• [Recorded information]:
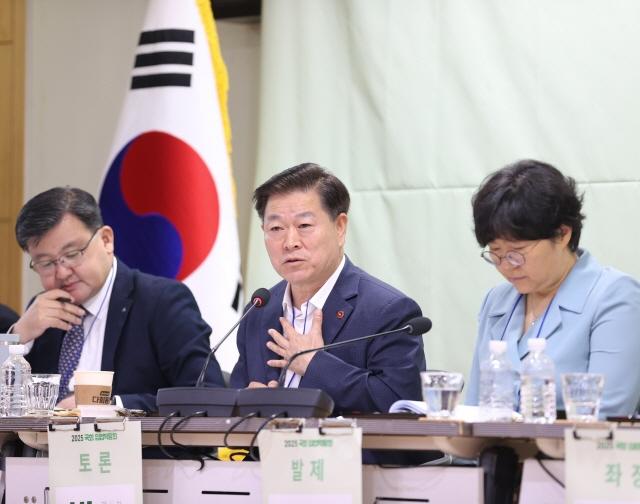 NSP통신-박승원 광명시장(가운데)이 24일 국회예산정책처가 주관한 2025 국회 입법박람회 기후위기 입법정책 토론회에 참석해 발언하고 있다. (사진 = 광명시)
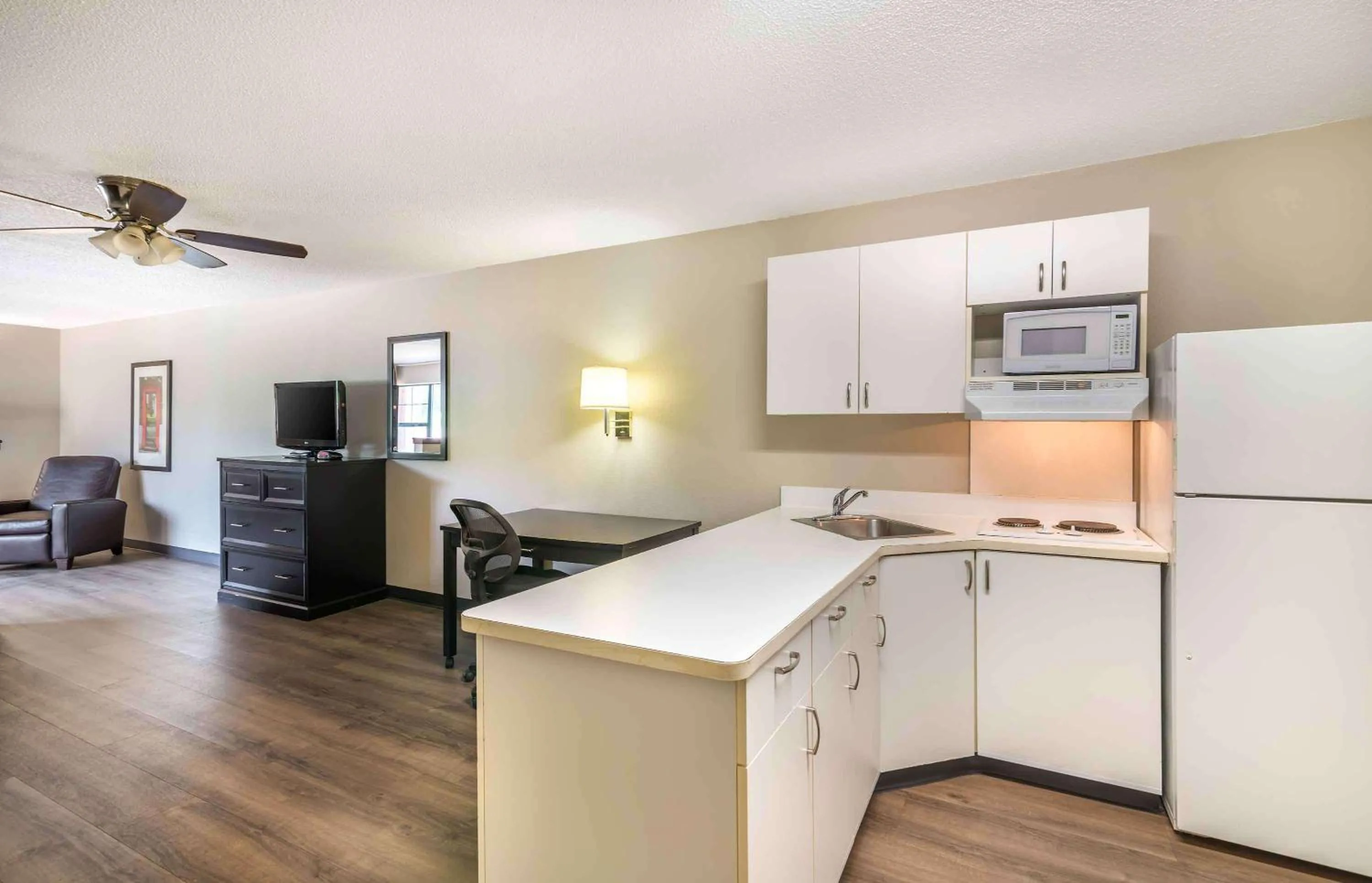 Kitchen or kitchenette in Extended Stay America Suites - Portland - Scarborough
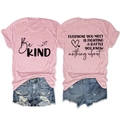 Vue détaillée du t-shirt rose Be Kind avec imprimé recto-verso et short en jean déchiré - Rose (Texte Noir)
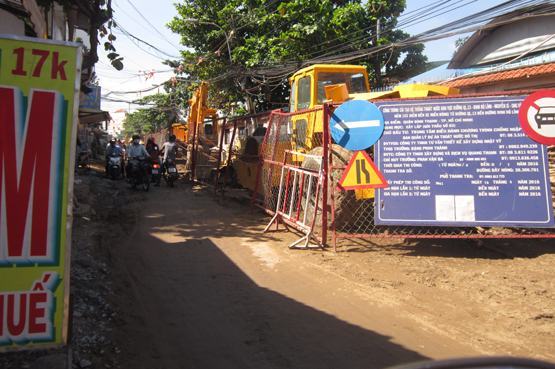 Khổ vì công trình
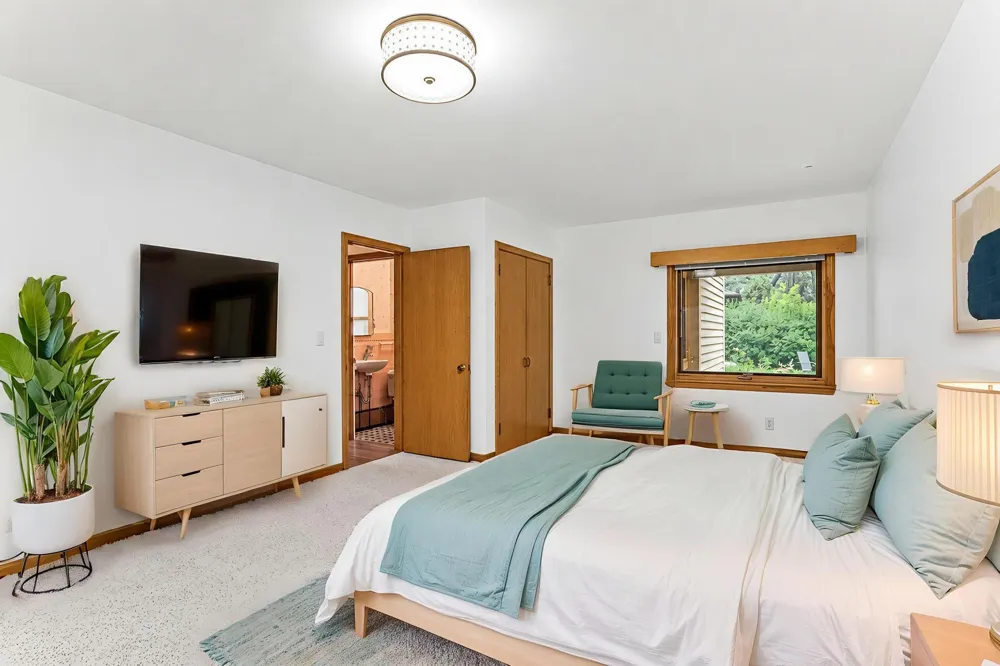 14 Mid Oaks Road Roseville, MN 55113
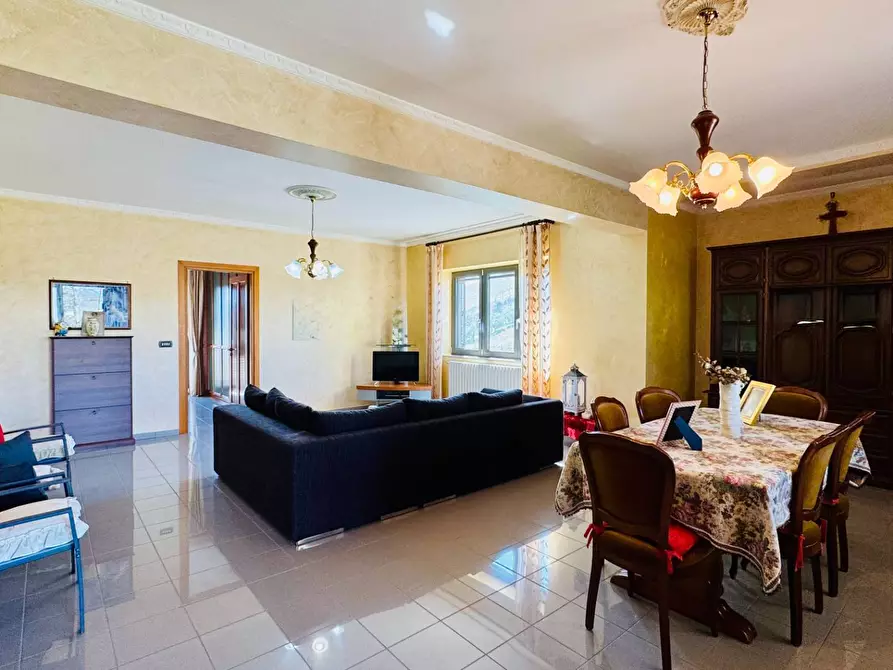 Immagine 11 di Villa in vendita  in CONTRADA paragano 30 a Ariano Irpino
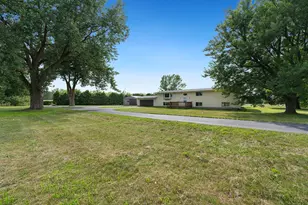 22005 Harmony Rd, Marengo, IL 60152 - Photo 49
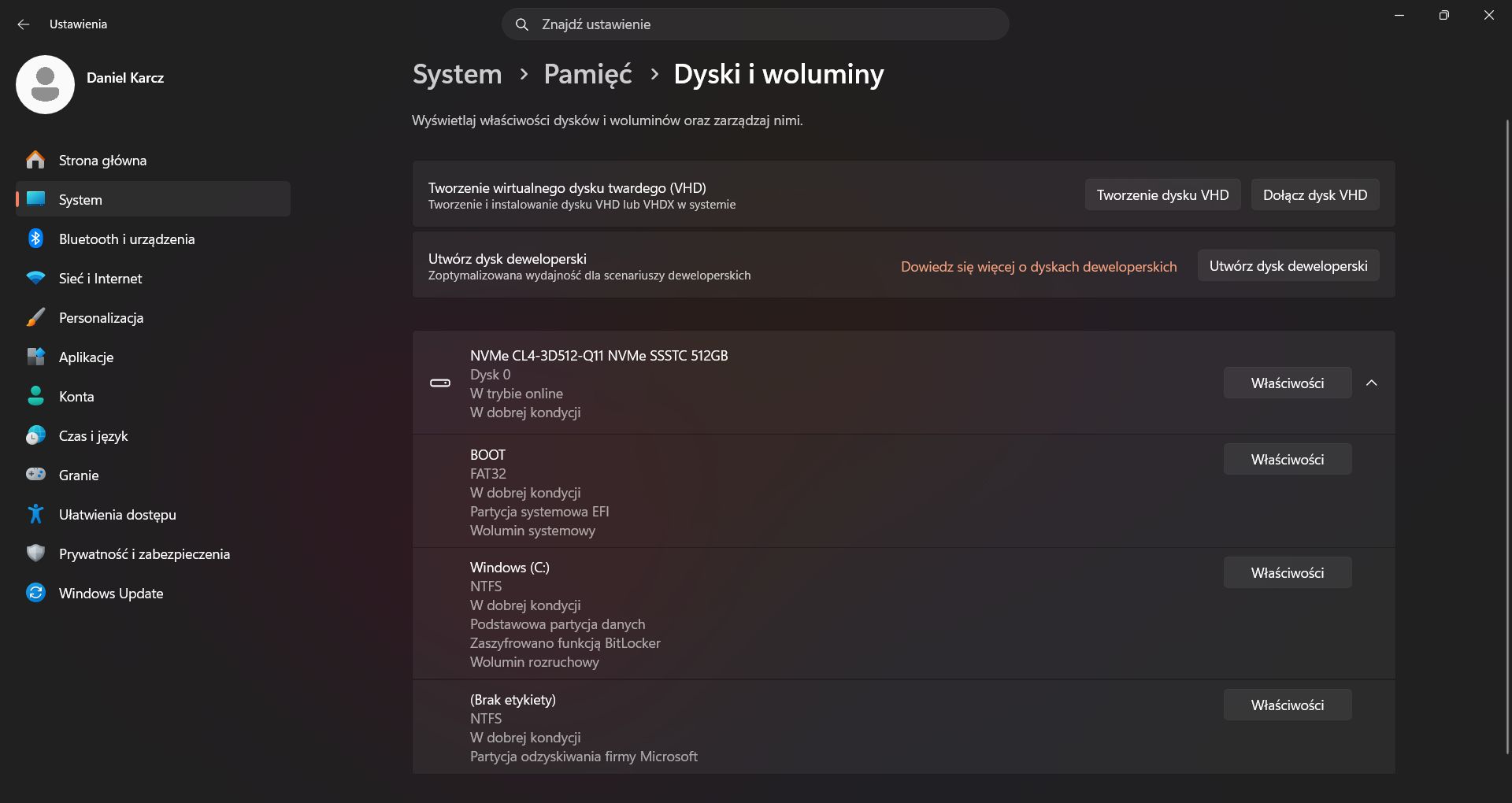 Sprawdzanie kondycji dysku w ustawieniach systemu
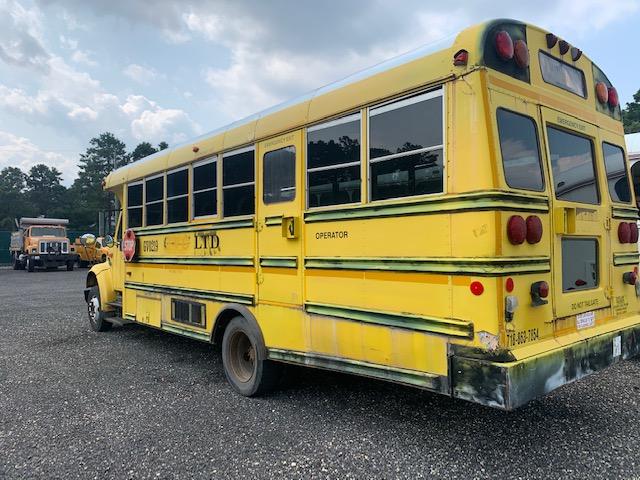 1999 International 3400 Bus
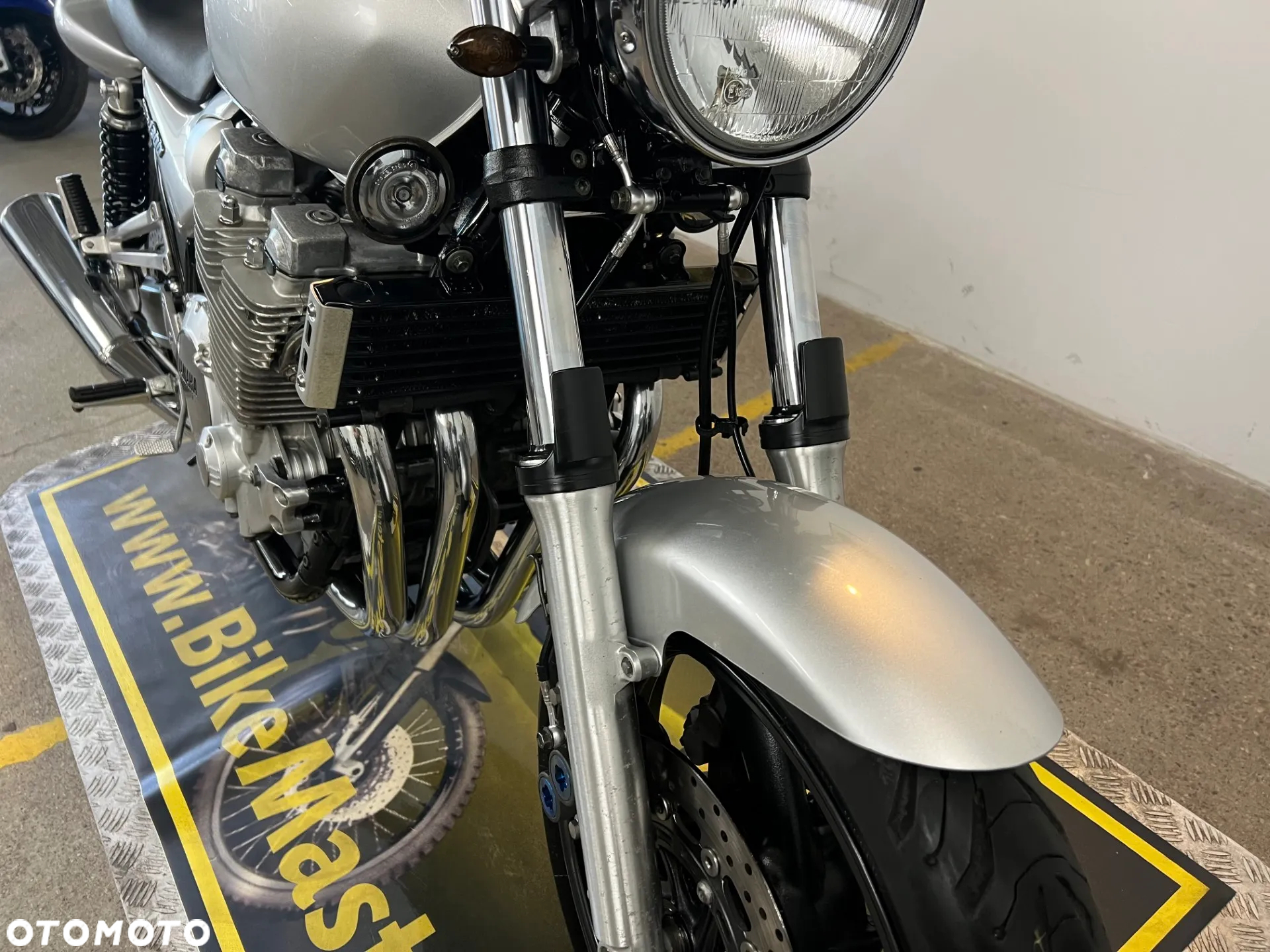 Yamaha XJR - 10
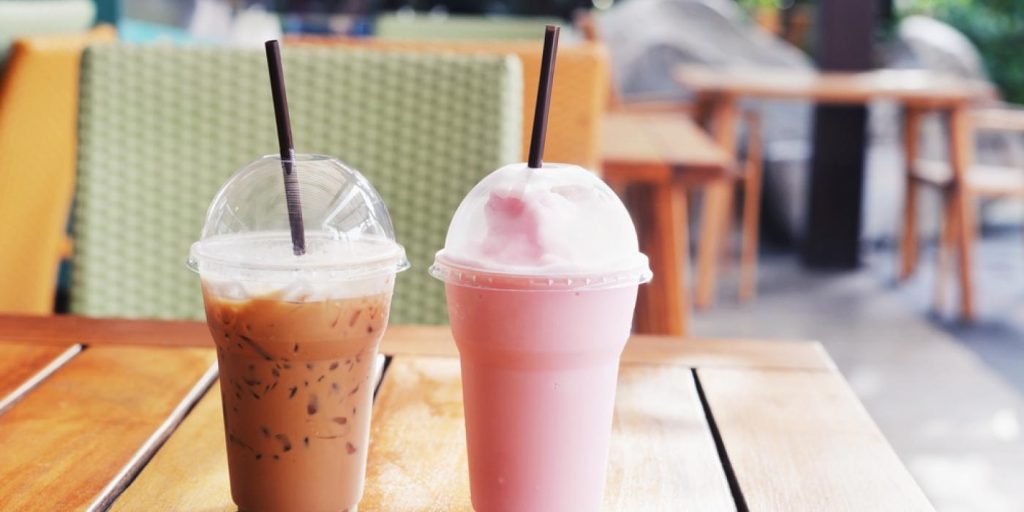 Fastfood ansatt arrestert for å tisse i milkshake mix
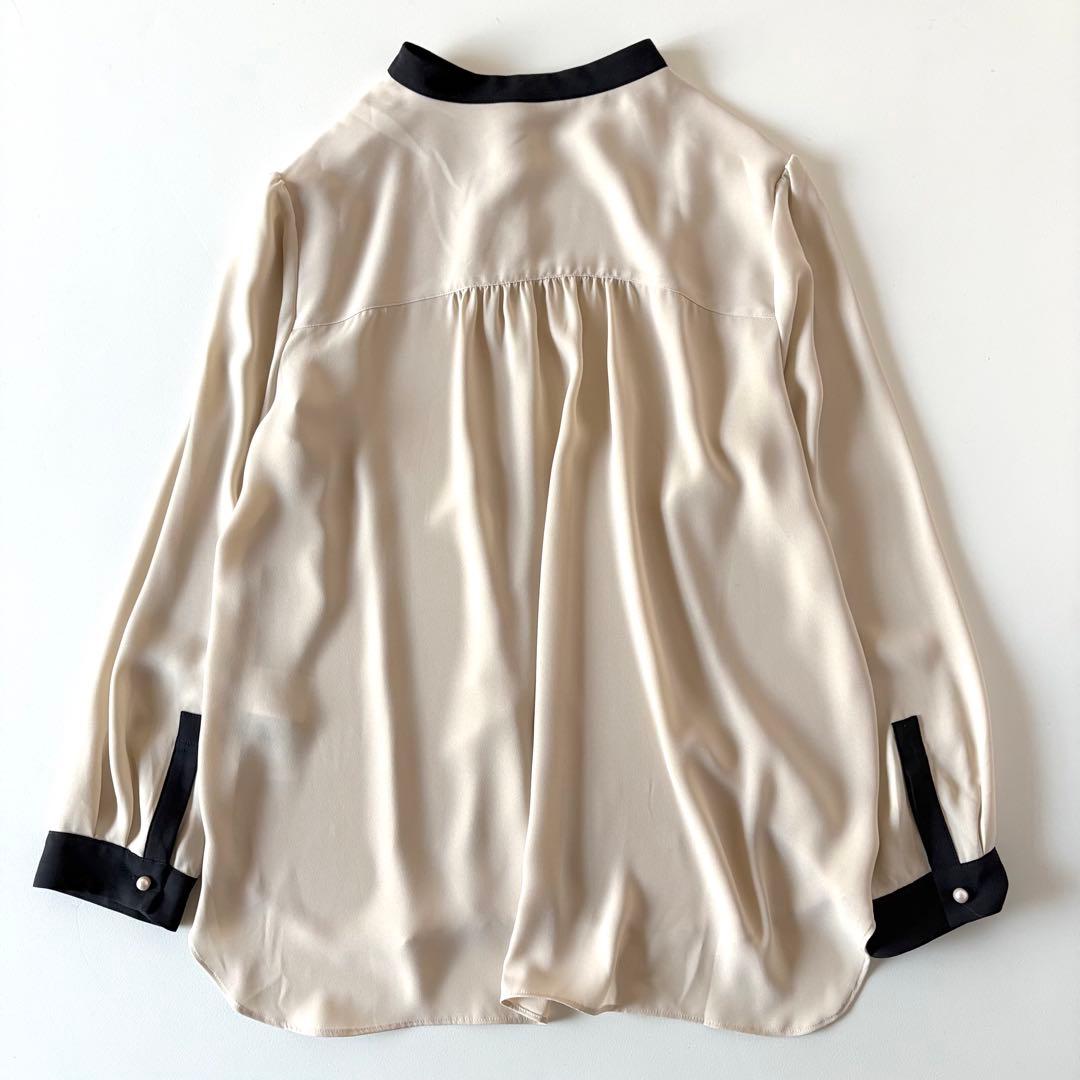 大きいサイズ♡　極美品　23区　バンドカラー　バイカラー　とろみブラウス　46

• [Assigned task]: This exercise asks for the data above to be given again exactly, without pictures.

• [Answer to this exercise]:
 NSP통신-박승원 광명시장(가운데)이 24일 국회예산정책처가 주관한 2025 국회 입법박람회 기후위기 입법정책 토론회에 참석해 발언하고 있다. (사진 = 광명시)
 Kitchen or kitchenette in Extended Stay America Suites - Portland - Scarborough
 Vue détaillée du t-shirt rose Be Kind avec imprimé recto-verso et short en jean déchiré - Rose (Texte Noir)
 Khổ vì công trình
 14 Mid Oaks Road Roseville, MN 55113
 Immagine 11 di Villa in vendita  in CONTRADA paragano 30 a Ariano Irpino
 22005 Harmony Rd, Marengo, IL 60152 - Photo 49
 Sprawdzanie kondycji dysku w ustawieniach systemu
 1999 International 3400 Bus
 Yamaha XJR - 10
 Fastfood ansatt arrestert for å tisse i milkshake mix
 大きいサイズ♡　極美品　23区　バンドカラー　バイカラー　とろみブラウス　46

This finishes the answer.